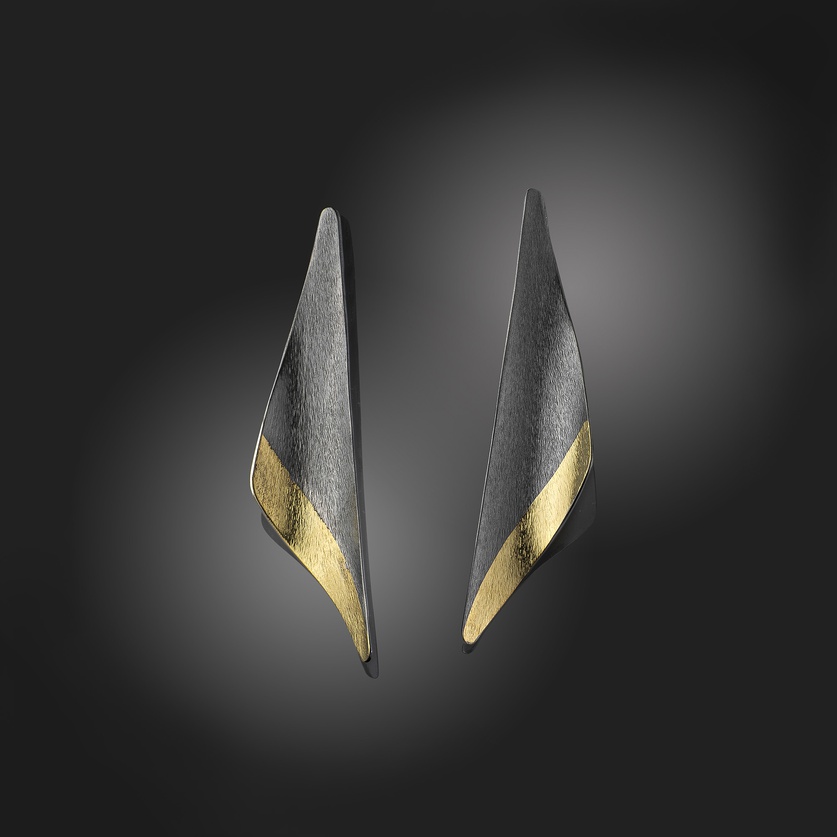 Statement black silver earrings with 22K gold
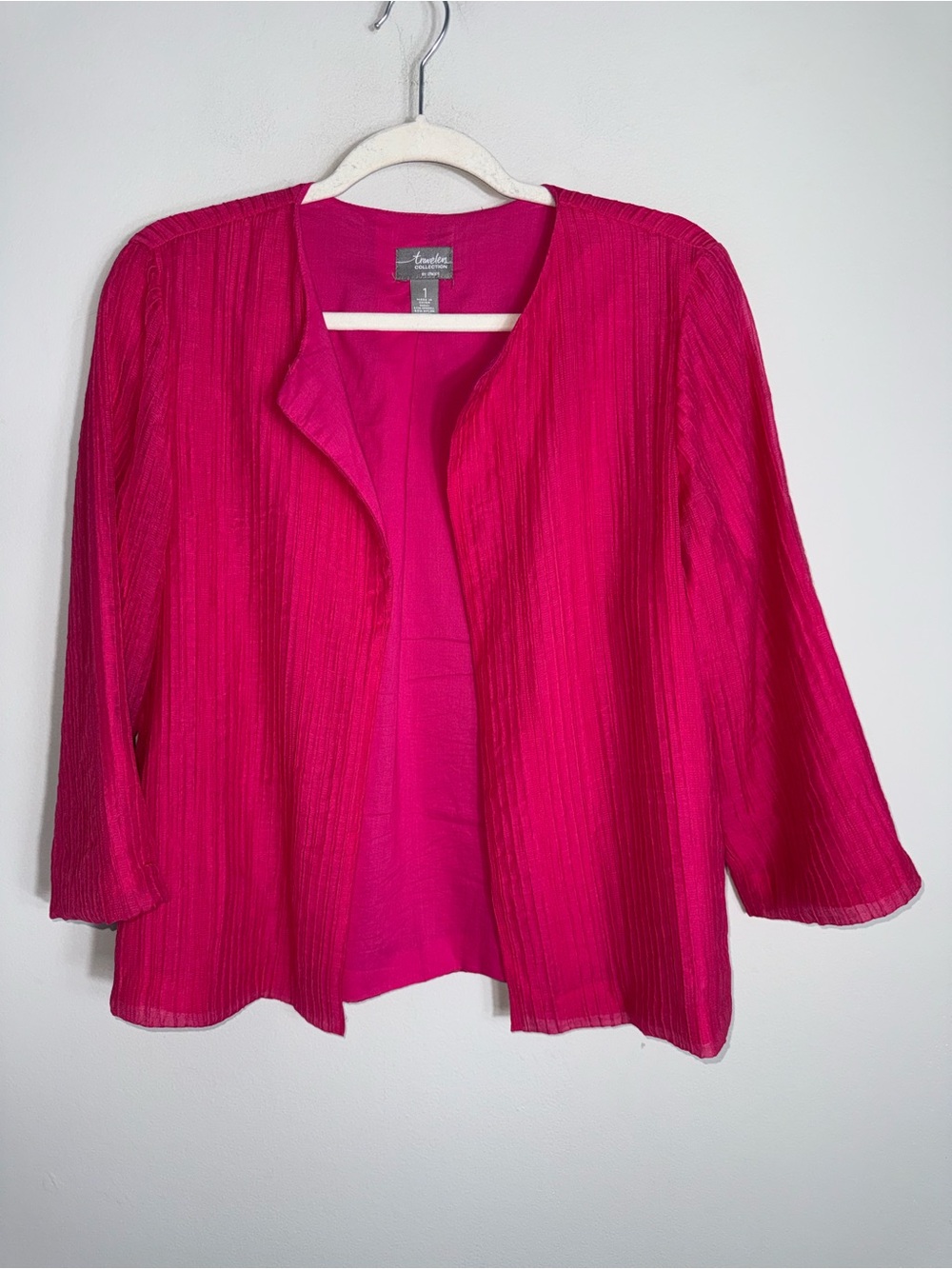 Chico's Lightweight Open Front Jacket Top-Fuchsia Pink-3/4 Sleeve-Size 1 (MED)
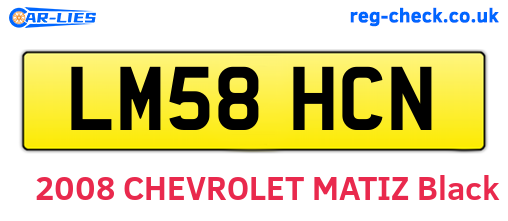 LM58HCN are the vehicle registration plates.
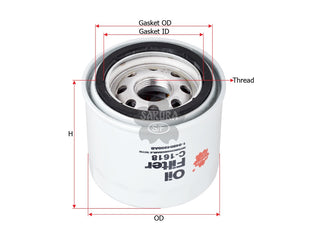 SAKURA,, Oil Filter (Spin-On), 04884900AB, C-1618, HONDA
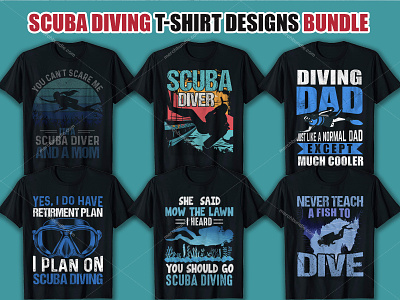 Scuba Diving T- Shirt Designs Bundle americantshirt clothing design esty fashion graphicdesign illustration merchbyamazon scuba diving t shirt design free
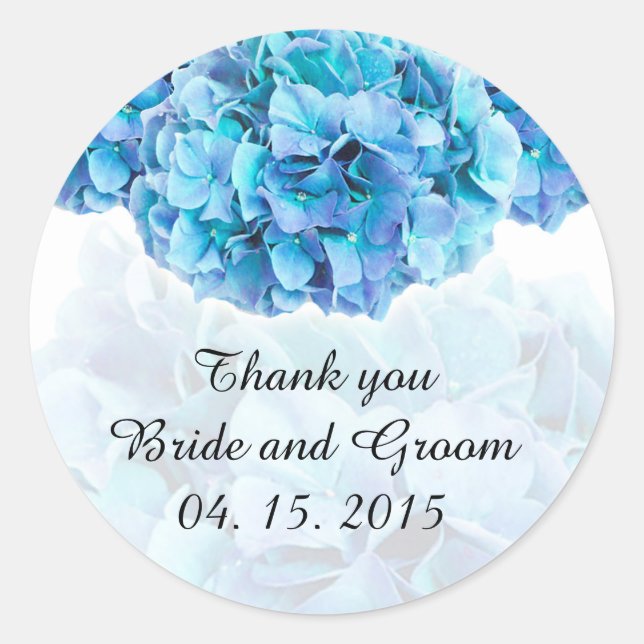 Blue hydrangea wedding favor tag sticker (Front)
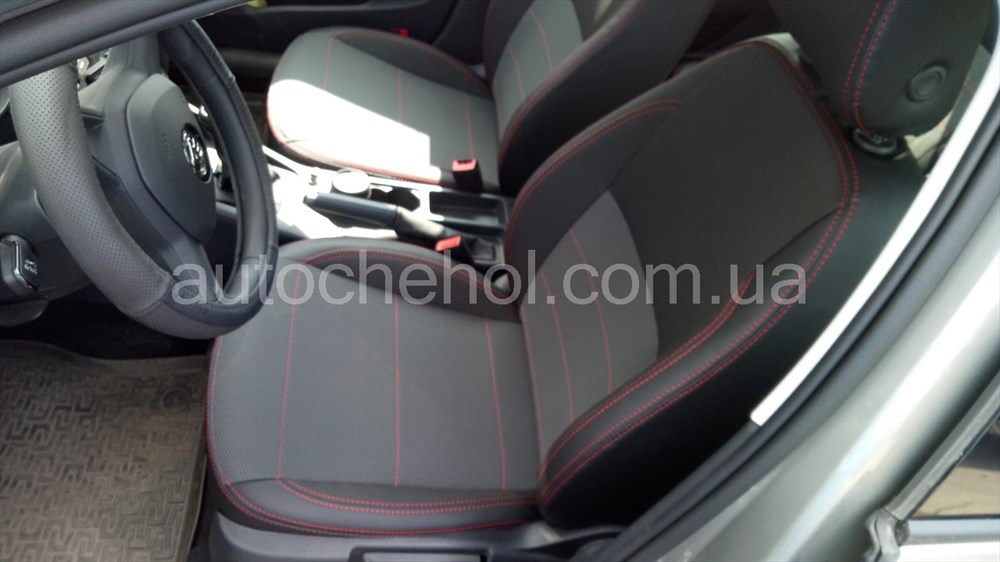 Качественные автомобильные чехлы на сиденья Skoda A7, красная нить, Premium style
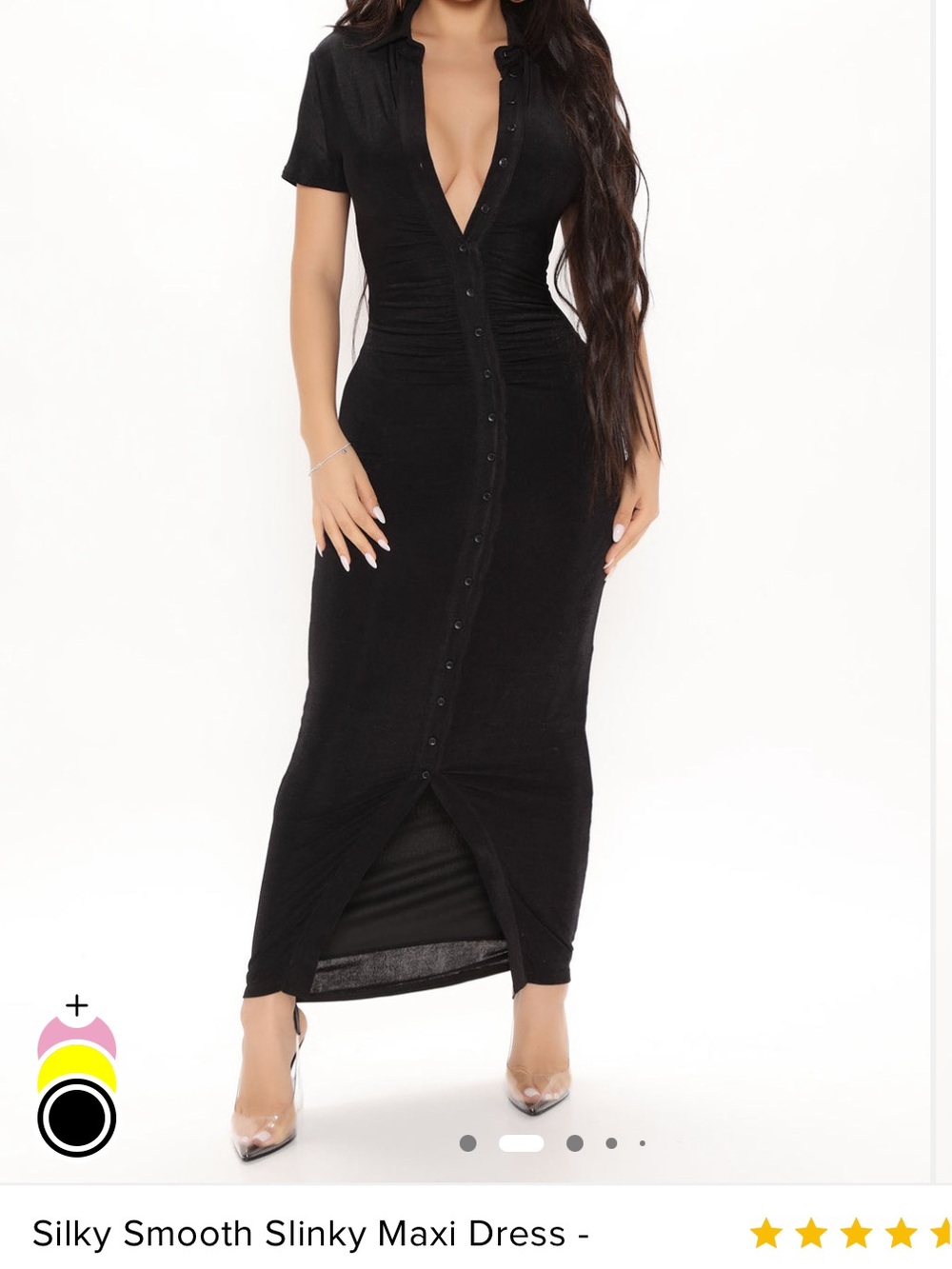 Fashion Nova Black Button-Front Maxi Dress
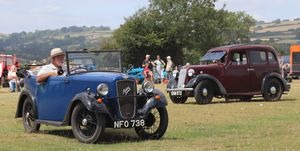 David Laviers with his Austin Seven tourer followed by H J E Griffiths' 1937 Austin big seven saloon. Image by E A Bates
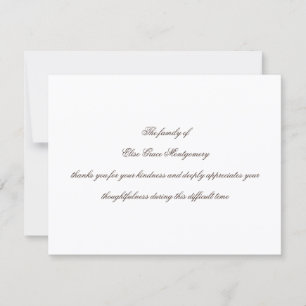 Elegante braune Schrift Trauerfallbestätigung Dankeskarte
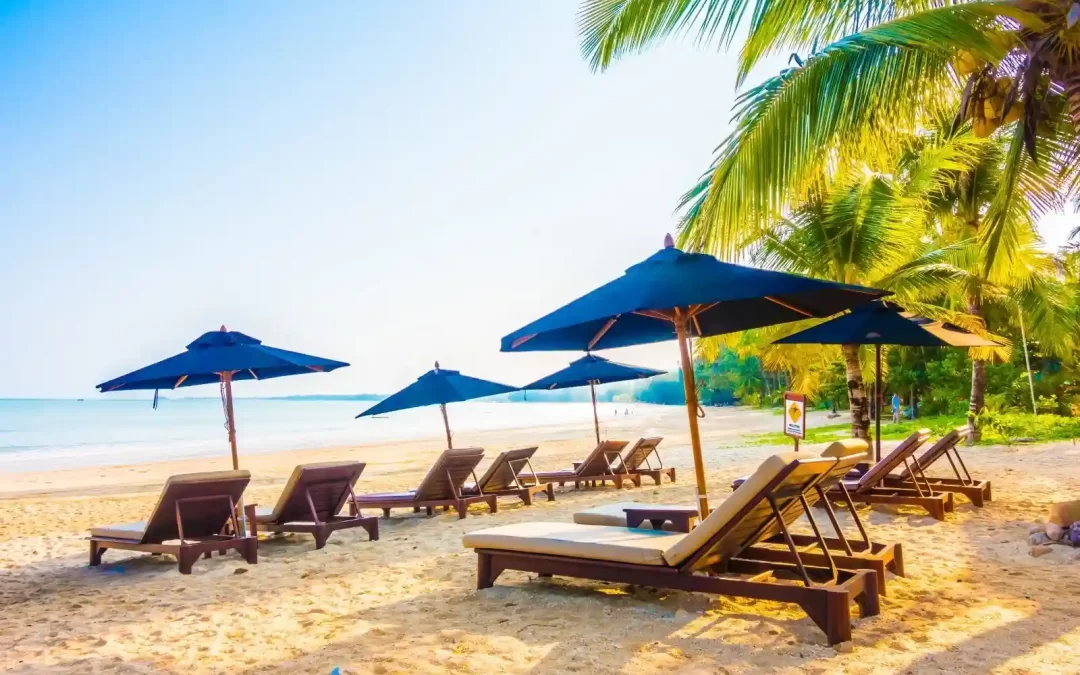 Sun loungers on a beach side in Goa.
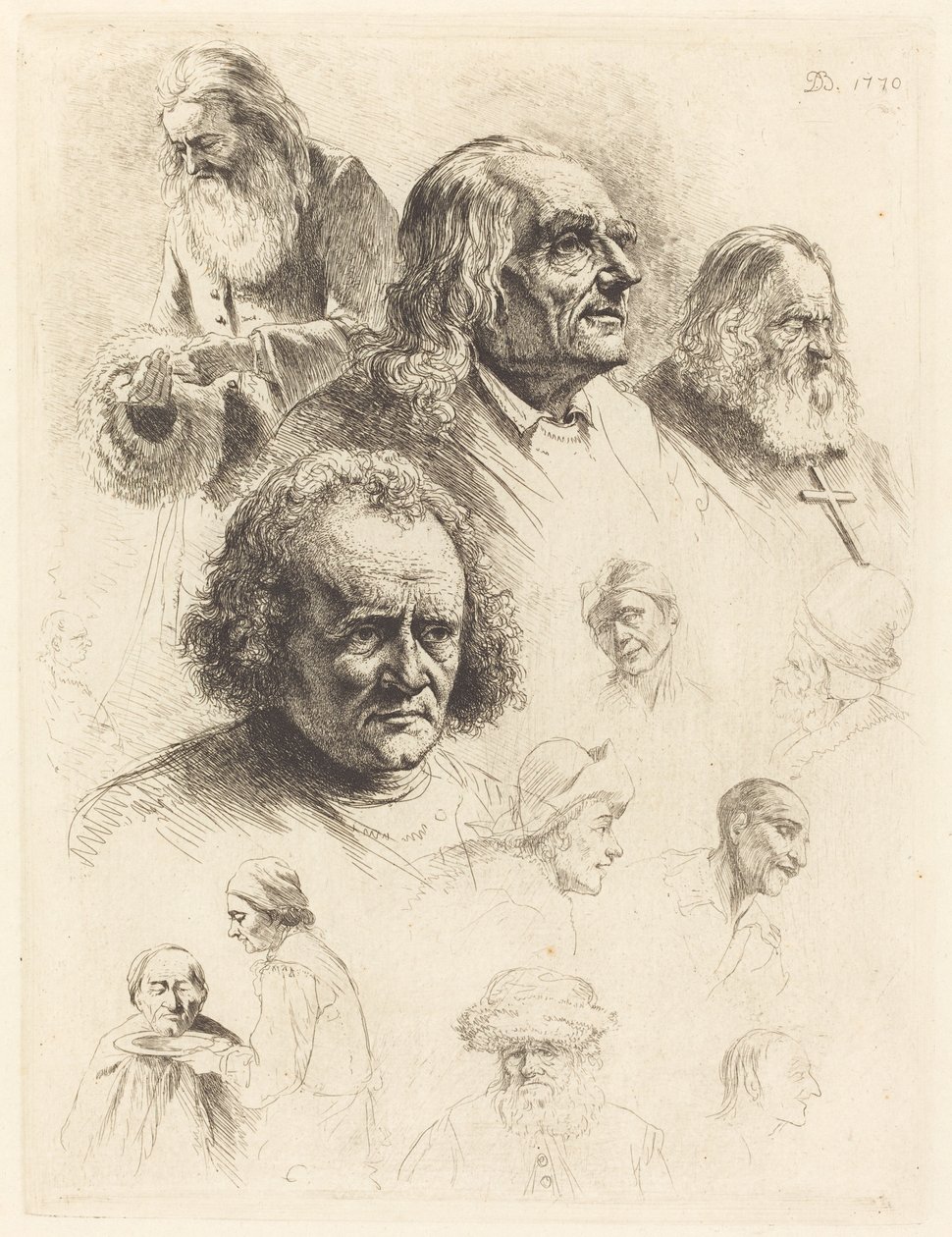 Tretton studier av huvuden av Jean Jacques de Boissieu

Work item:
Repeat exactly the lines from the one containing "SAKURA,, Oil Filter" to the last line of the records above, including both, and leave out any pictures.

Task result:
 SAKURA,, Oil Filter (Spin-On), 04884900AB, C-1618, HONDA
 Scuba Diving T- Shirt Designs Bundle americantshirt clothing design esty fashion graphicdesign illustration merchbyamazon scuba diving t shirt design free
 Blue hydrangea wedding favor tag sticker (Front)
 Качественные автомобильные чехлы на сиденья Skoda A7, красная нить, Premium style
 Fashion Nova Black Button-Front Maxi Dress
 David Laviers with his Austin Seven tourer followed by H J E Griffiths' 1937 Austin big seven saloon. Image by E A Bates
 Elegante braune Schrift Trauerfallbestätigung Dankeskarte
 Sun loungers on a beach side in Goa.
 Tretton studier av huvuden av Jean Jacques de Boissieu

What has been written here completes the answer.